Exercise: In the records below, the lines between the one holding "MohdShukriYajid's tweet photo." and the one holding "Photo of property", inclusive, are to be transcribed exactly; no pictures are to be included.

Records to process:
....................
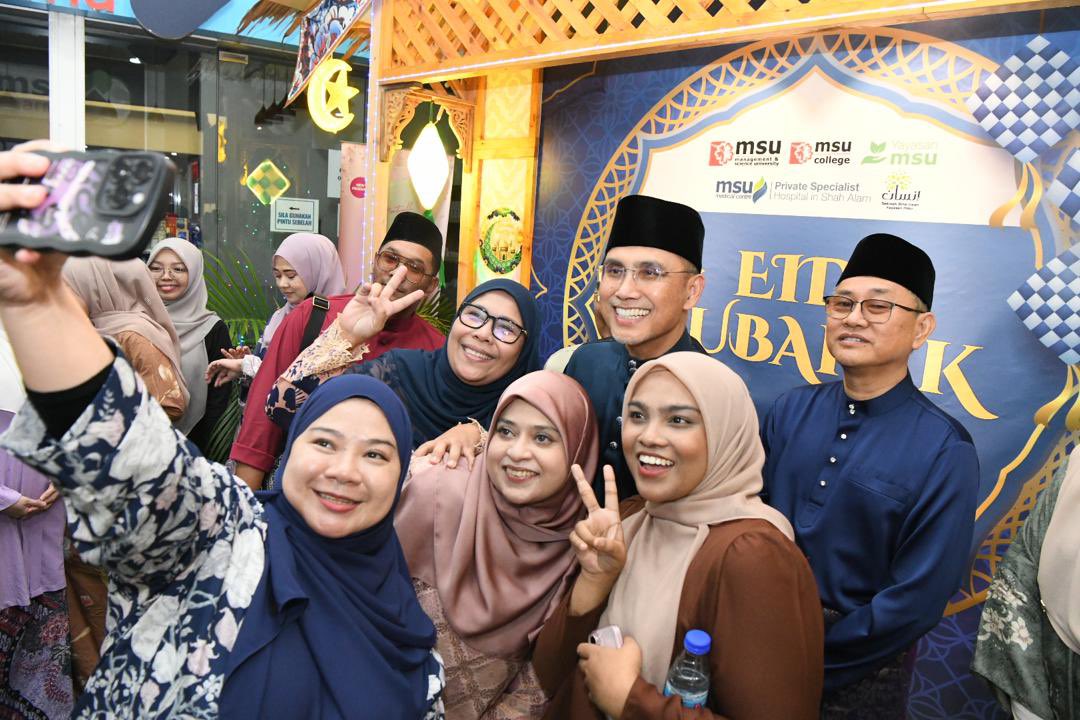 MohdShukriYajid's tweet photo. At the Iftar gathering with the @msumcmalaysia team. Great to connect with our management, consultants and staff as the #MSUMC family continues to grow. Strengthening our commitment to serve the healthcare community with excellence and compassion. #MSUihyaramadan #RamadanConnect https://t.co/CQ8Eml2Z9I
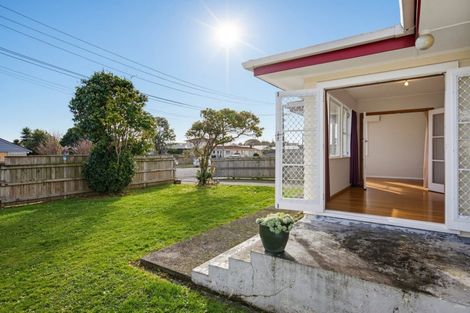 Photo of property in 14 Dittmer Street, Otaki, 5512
....................
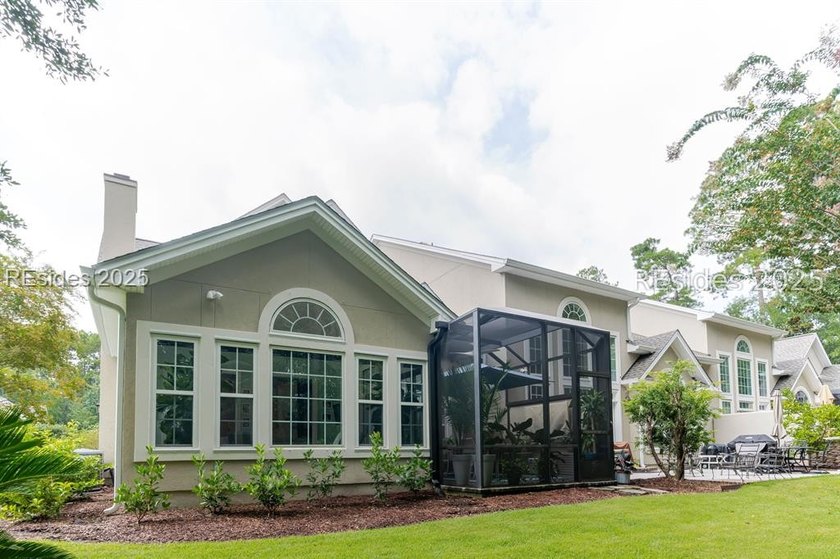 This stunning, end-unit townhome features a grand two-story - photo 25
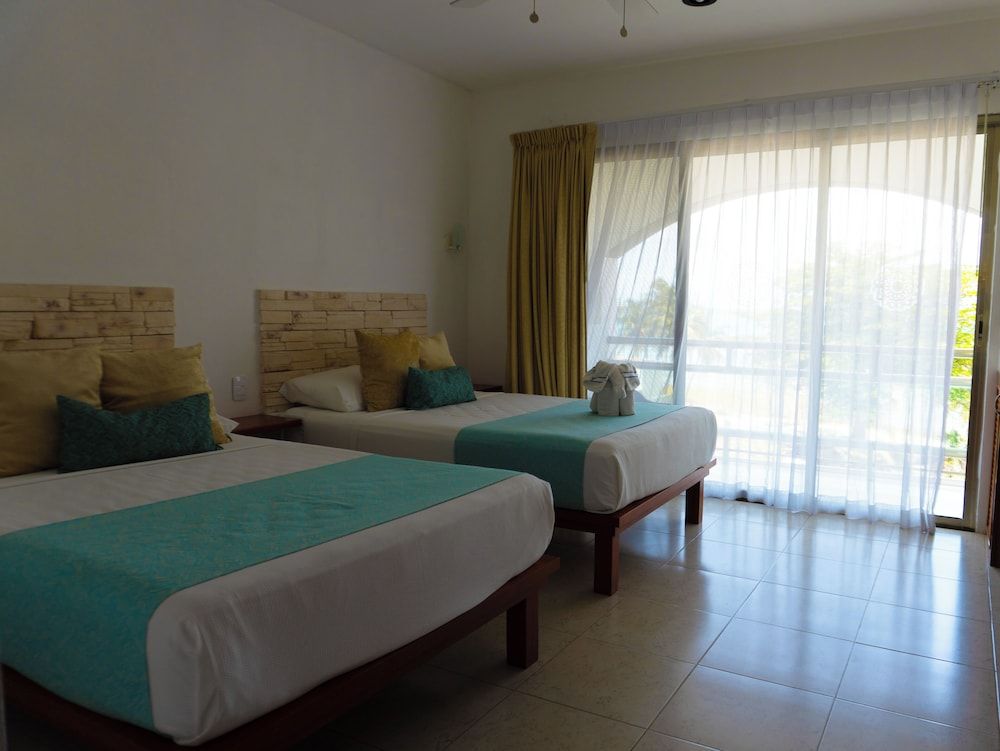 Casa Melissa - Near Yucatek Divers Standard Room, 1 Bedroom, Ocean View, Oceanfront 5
....................
Response box:
 MohdShukriYajid's tweet photo. At the Iftar gathering with the @msumcmalaysia team. Great to connect with our management, consultants and staff as the #MSUMC family continues to grow. Strengthening our commitment to serve the healthcare community with excellence and compassion. #MSUihyaramadan #RamadanConnect https://t.co/CQ8Eml2Z9I
 Photo of property in 14 Dittmer Street, Otaki, 5512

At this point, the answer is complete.